# please help my tegu



## mariosh (Oct 30, 2009)

hey everyone

i have a 1 year old tegu, and i keep it in a terrarium at 25 degrees celcius. today i installed a 60w basking bulb, but i noticed a few problems.

my tegu was shaking, especially his limbs and some clear bubbles were coming out of his nostrils. I turned on the bulb and the temp is now 32 degrees, all warm and cozy.

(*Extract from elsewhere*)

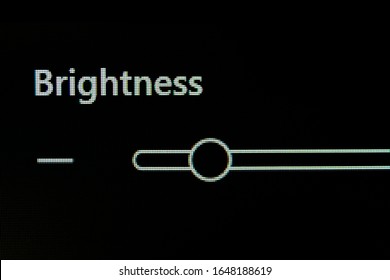 Brightness Adjustment Control Panel Of A Computer Monitor Screen With Slider To Adjust Brightness Level For Viewing Comfort And To Avoid Straining The Eye. Pixelated Image Of A LED Screen, Macro View.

but he is still shaking but he is calm...while sleeping too

what do u think the problem is? could it something else and by having the lamp on im not helping?


----------



## Meg90 (Oct 30, 2009)

It sounds like metabolic bone disease. What do you use for UVB?


----------



## txrepgirl (Oct 30, 2009)

The shaking sounds like MBD.He is maybe not getting enough calcium in him and/ or UVB from the light.What kind off UVB light do you use and how old is it and how far away is it from the Tegu ? the basking spot should be from 100-115 degrees.I would feed him some frozen/ thawed rodents ( for the calcium intake ) and maybe get a new UVB light.I DON'T recommend the coil one.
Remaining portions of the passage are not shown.